Motivation

Segment Anything (SAM) is a promptable segmentation foundation model family that accepts an image or video together with a prompt and returns binary instance masks. In SAM v1 and v2 the prompt specifies a single object — as one or more foreground/background clicks, an axis-aligned bounding box, a rough mask, or free-form text — and the model returns up to three candidate masks with associated IoU confidence scores. SAM v2 extends v1 to video: given prompts on any frame it tracks the object forward and backward through the clip using a streaming causal memory bank. SAM v3 introduces a qualitatively different prompt type — a concept, expressed as a free-form noun phrase (e.g., "striped cat") or a set of image exemplars — and shifts the output from one object per prompt to all instances matching the concept across every frame. This progression from single-object-per-prompt (Promptable Visual Segmentation, PVS) to all-instances-per-concept (Promptable Concept Segmentation, PCS) is a paradigm shift: where v1 and v2 are class-agnostic interactive tools, v3 is an open-vocabulary enumerator. All three variants stand in contrast to fully-supervised closed-vocabulary segmenters such as the Mask R-CNN family, which require category-label supervision, and to classical interactive methods such as GrabCut and graph-cut, which operate on hand-crafted energy functions without learned priors.

Architecture

Family & shape. All three variants share a three-stage encoder–decoder topology: a heavy image encoder (run once per image or frame, cost amortised over all prompts), a lightweight prompt encoder, and a fast mask decoder. v1 uses an MAE-pretrained ViT-H image encoder; v2 replaces it with MAE-pretrained Hiera (hierarchical ViT) and adds a streaming memory attention stack; v3 shares a Perception Encoder (PE) backbone between a DETR-based concept detector and the SAM 2 memory-based tracker.

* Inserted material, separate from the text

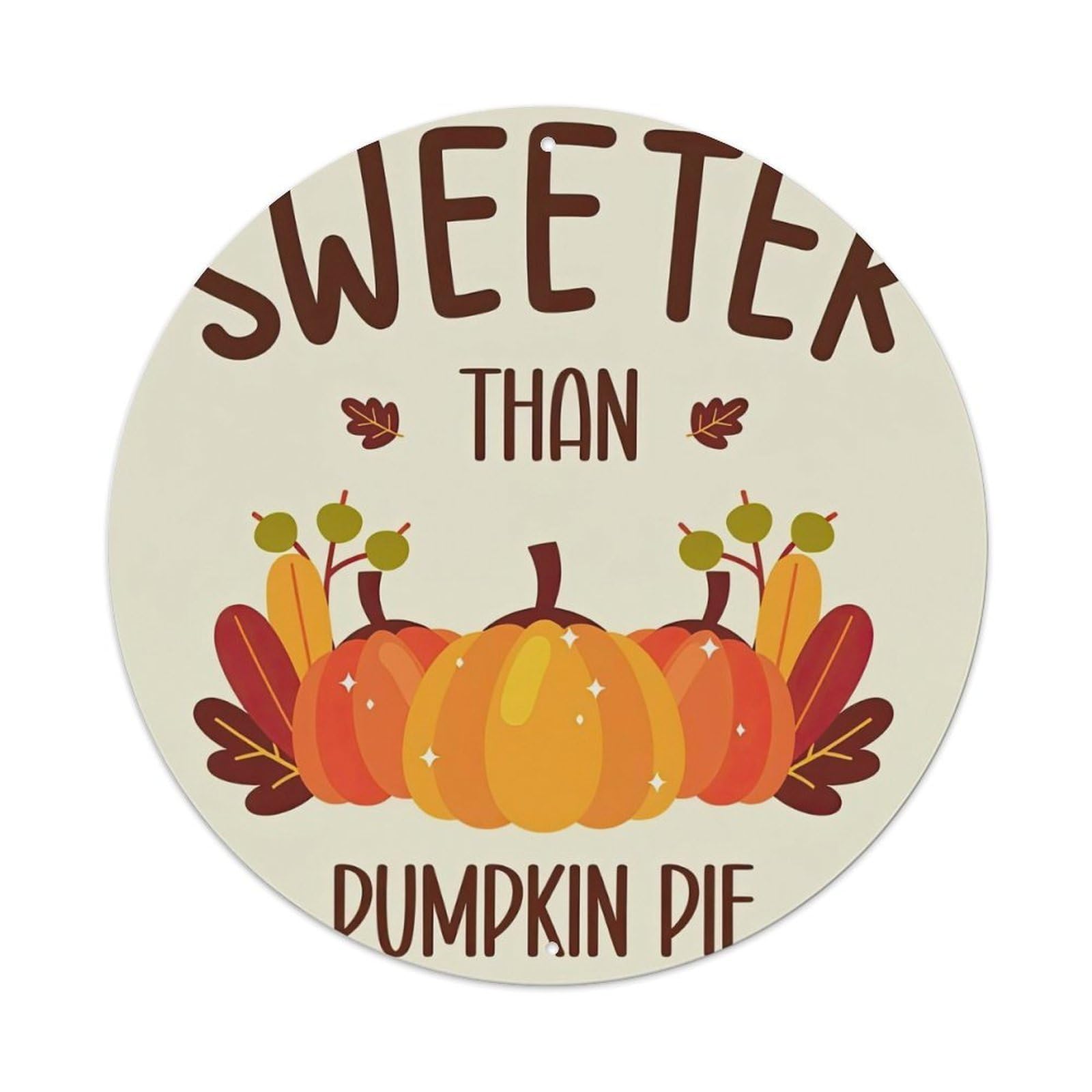 Pumpkin Autumn Leaves Harvest Season Metal Tin Sign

SAM v1 (2023). Image encoder: MAE-pretrained ViT-H, input resized so the longest side is 1024 px, patch size 16 px, yielding a 64×64 token grid. Prompt encoder: positional encodings summed with learned type embeddings for points and boxes; convolutional embedding for dense mask prompts added element-wise to the image embedding; frozen CLIP text encoder for free-form text (proof-of-concept only). Mask decoder: two rounds of a two-way cross-attention transformer block followed by bilinear and transposed-convolution upsampling, producing 3 candidate masks and an IoU score per mask. Decoder latency with a precomputed image embedding: approximately 50 ms on CPU in a browser.
SAM 2 (2024). Replaces ViT-H with MAE-pretrained Hiera. Adds a memory attention stack — $L$ transformer blocks each performing self-attention on the current-frame tokens then cross-attention to a memory bank of past-frame spatial feature maps and object pointer vectors, followed by an MLP. The memory bank is a FIFO queue of $N$ recent unprompted frame memories and $M$ prompted frame memories, plus object pointer vectors (lightweight semantic summaries derived from mask decoder output tokens); temporal position embeddings are applied to the $N$ recent-frame memories. A memory encoder — a lightweight convolutional network — converts each frame's predicted mask and image embedding into a compact memory entry. For image-only inference the memory is empty and the model reduces to SAM v1 behaviour.
SAM 3 (2025). Adds a DETR-based concept detector that shares the Perception Encoder (PE) backbone with the SAM 2 tracker. The concept detector ingests text tokens (noun phrase encoded by PE) and exemplar tokens (position embedding + label embedding + ROI-pooled features, fused by a small transformer), cross-attends them to PE image features via a fusion encoder, and decodes instance proposals with a DETR-style decoder. A presence token — a dedicated global learned query — predicts $p(\text{NP is present in input})$ independently from the per-instance proposal queries; each proposal score is multiplied by the presence score:

\text{score}(q_i) = p(q_i \text{ is a match} \mid \text{NP is present}) \times p(\text{NP is present in input})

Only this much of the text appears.